_WORK TASK_.
What you write should match, word for word, the lines from the one containing "Hi friends, welcome" through the end of the data, with no pictures.
RECORDS FOR PROCESSING Block Start
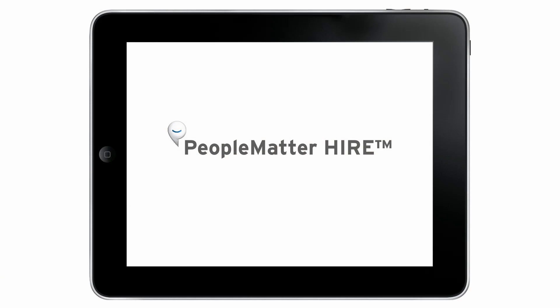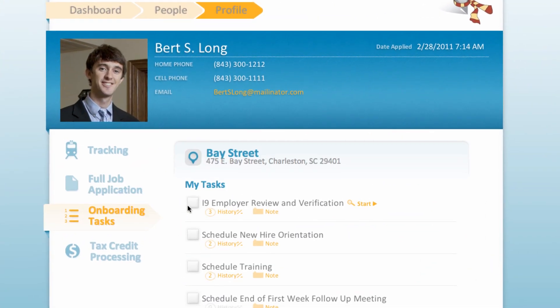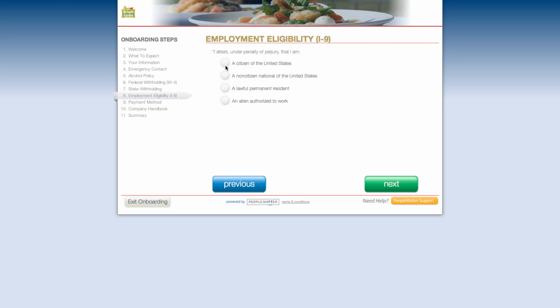I-9 fines and paperwork can stack up quickly. People Matter Hire is here to simplify the process. With online tools that make work authorization quick and painless, employees can easily complete their I-9s online. Employers can manage the process from start to finish.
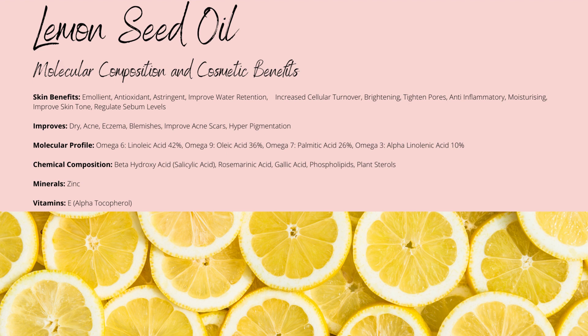Its phenolic compounds include small concentrations of rosmarinic acid, which is an incredibly potent antioxidant and why people add rosemary CO2 extract to their formulations. It's shown to help brighten your skin tone and reduce fine lines and wrinkles. Its highest concentration is gallic acid with up to 1000mg per litre, which is known for its anti-inflammatory and antioxidant benefits.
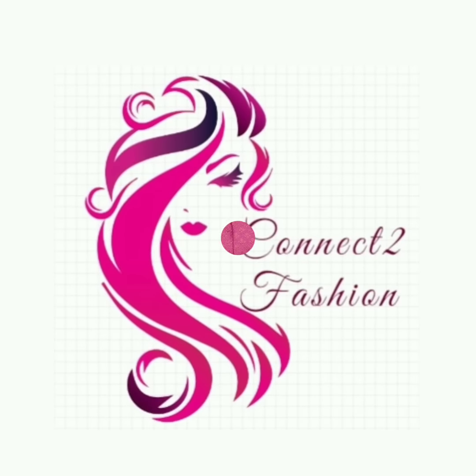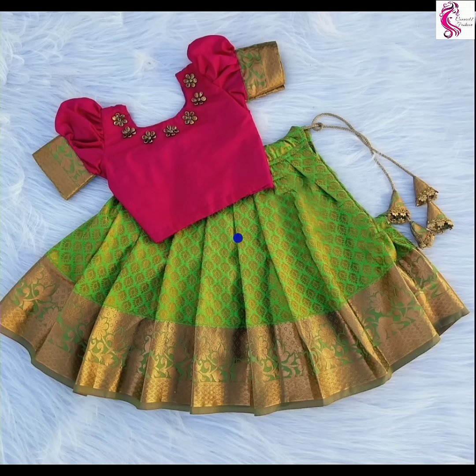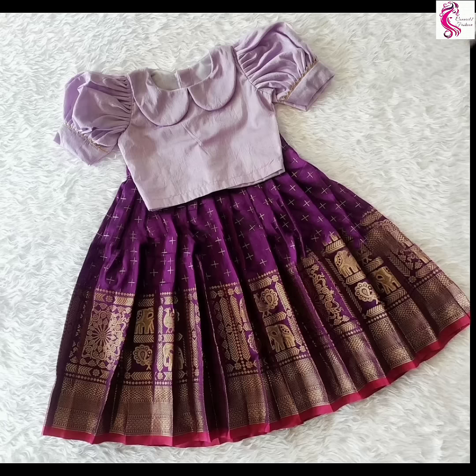Hi friends, welcome to Connect to Fashion. Hope you all are doing well. In this video, we are going to show you pattu pavadai designs for girl babies. So watch the video till the end.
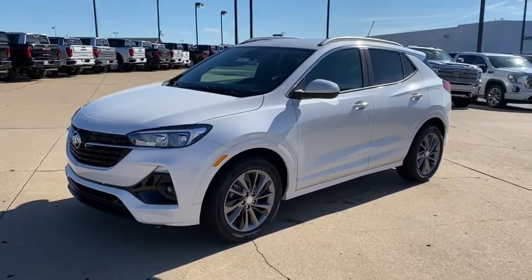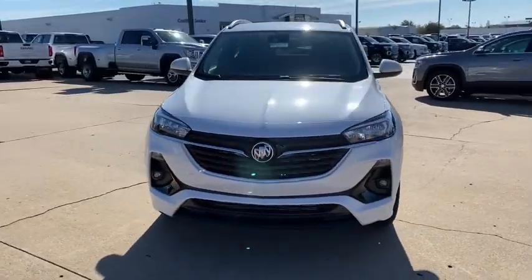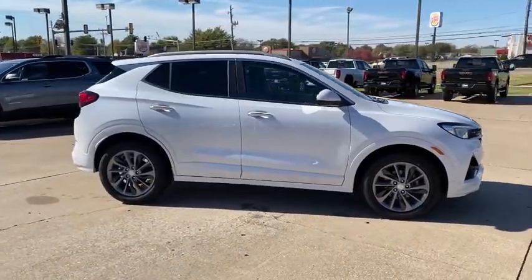Get into a car with value. 2021 Buick Encore. The sleek, small luxury SUV that meshes efficiency, power and handling with technology that keeps you safe and connected.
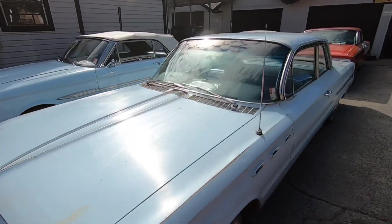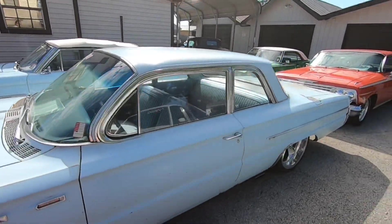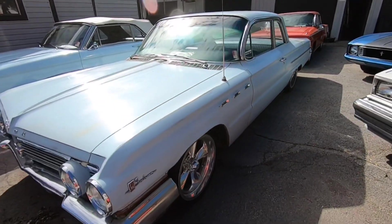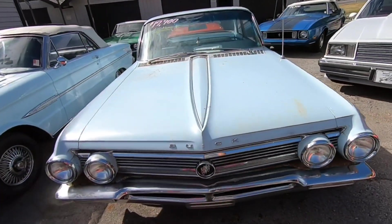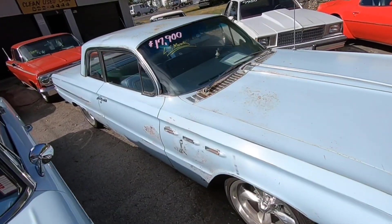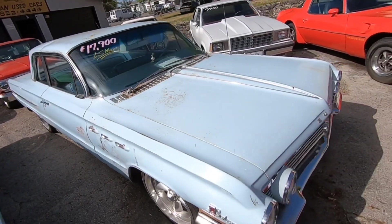I'm just going to walk around and show you what we've got. Got a 1962 Buick LeSabre sitting here with an LS motor inside it — new school motor, old school body.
RECORDS FOR PROCESSING Block End
_SOLUTION TO THIS TASK_.
Hi friends, welcome to Connect to Fashion. Hope you all are doing well. In this video, we are going to show you pattu pavadai designs for girl babies. So watch the video till the end.
Get into a car with value. 2021 Buick Encore. The sleek, small luxury SUV that meshes efficiency, power and handling with technology that keeps you safe and connected.
I'm just going to walk around and show you what we've got. Got a 1962 Buick LeSabre sitting here with an LS motor inside it — new school motor, old school body.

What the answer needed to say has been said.